**Working data**
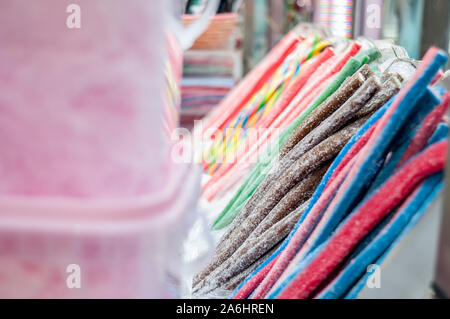 Süße Gummibärchen klebt auf einem Jahrmarkt mit verschwommenen Hintergrund Stockfoto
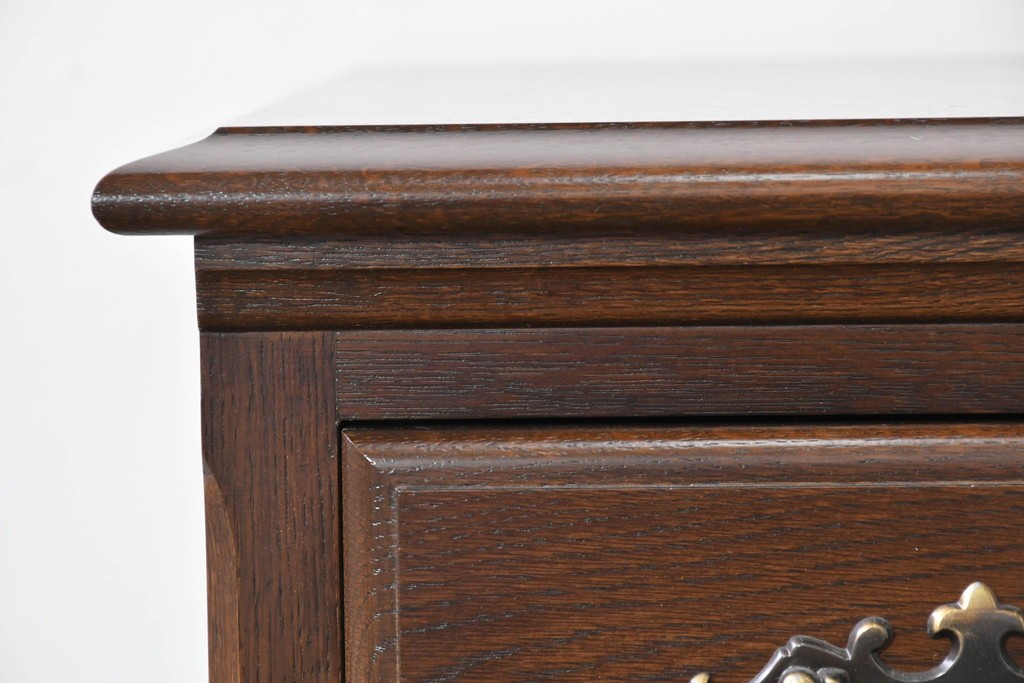 中古　超美品　使用感ほぼなし　横浜クラシック家具　ノックオンウッド(knockonwood)　クラシカルな引手金具のトールチェスト　定価約28万円　(R-086387)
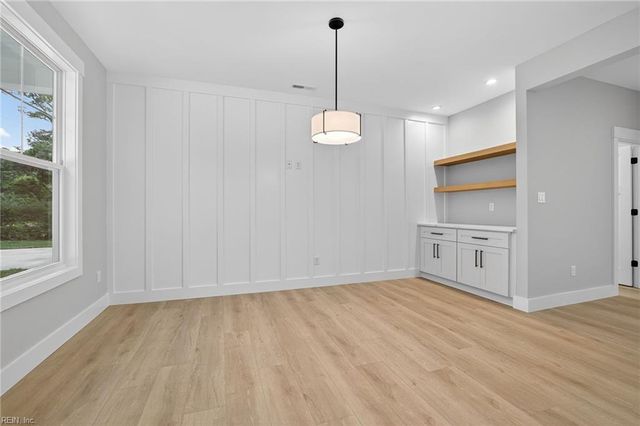 1227 Prosperity RD, Virginia Beach, VA 23451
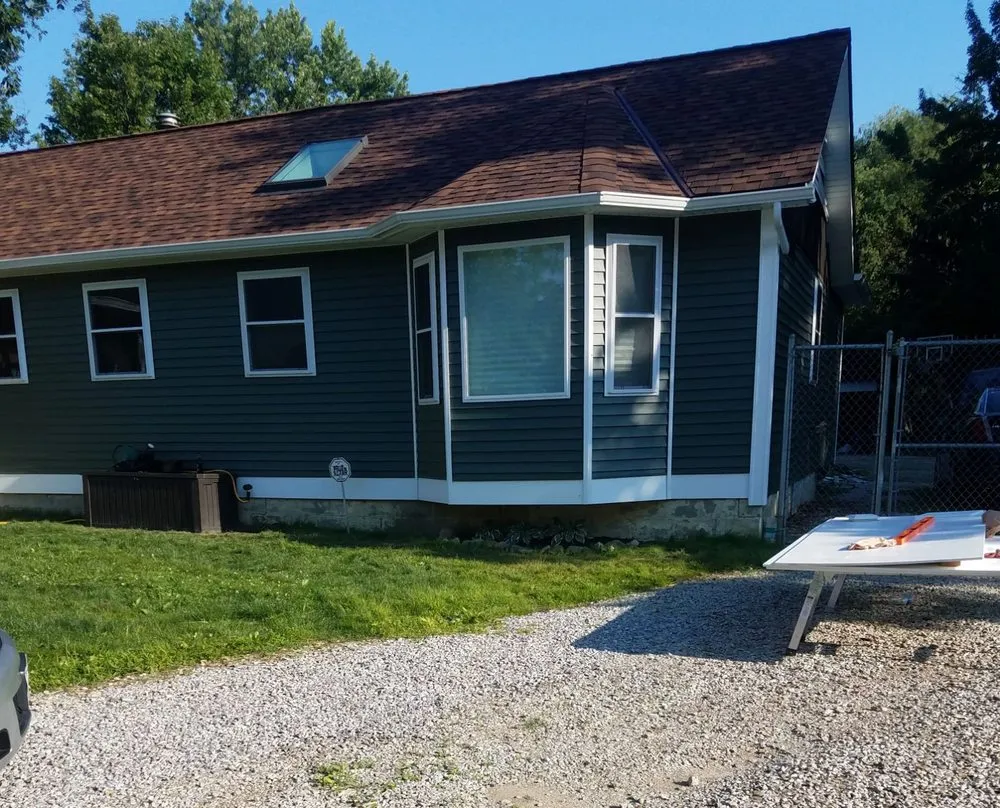 Slide of Silver Lining Exteriors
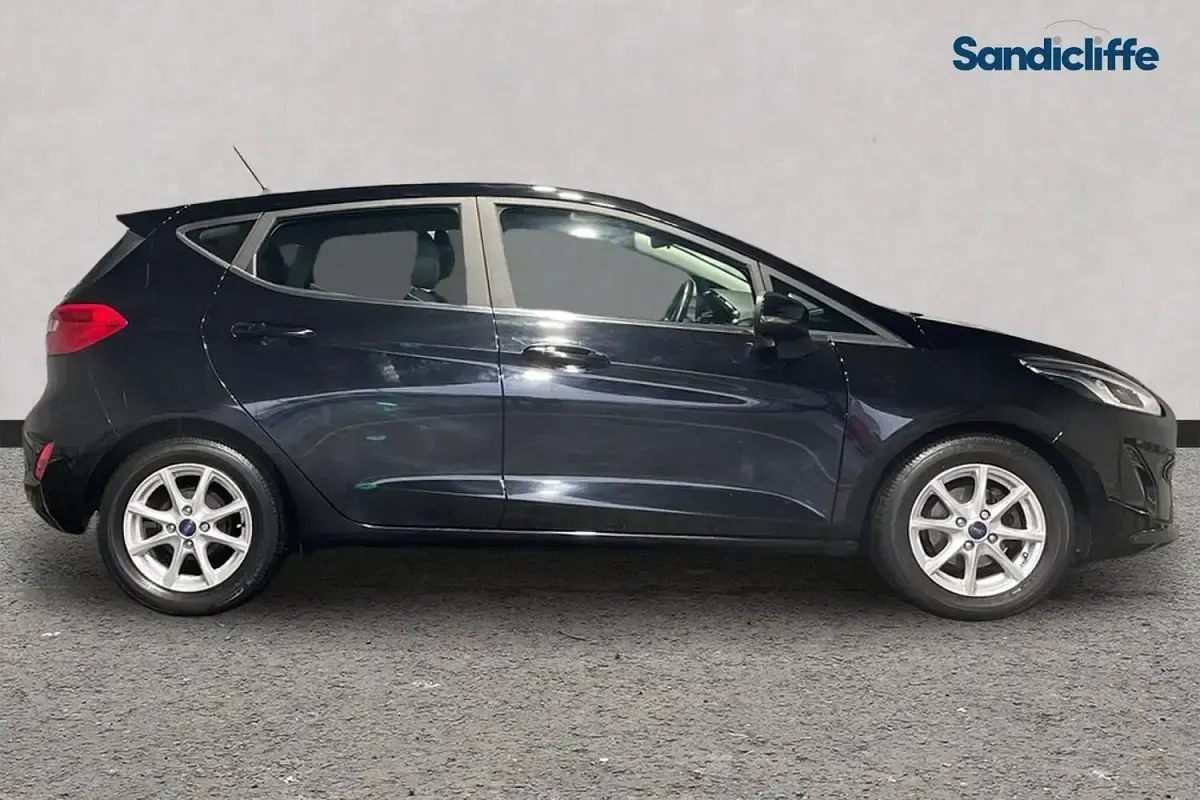Używany Ford Fiesta Zetec 2018 Czarny Hatchback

**Problem details**
Write out the whole listing verbatim, images excluded.

**Response**
 Süße Gummibärchen klebt auf einem Jahrmarkt mit verschwommenen Hintergrund Stockfoto
 中古　超美品　使用感ほぼなし　横浜クラシック家具　ノックオンウッド(knockonwood)　クラシカルな引手金具のトールチェスト　定価約28万円　(R-086387)
 1227 Prosperity RD, Virginia Beach, VA 23451
 Slide of Silver Lining Exteriors
Używany Ford Fiesta Zetec 2018 Czarny Hatchback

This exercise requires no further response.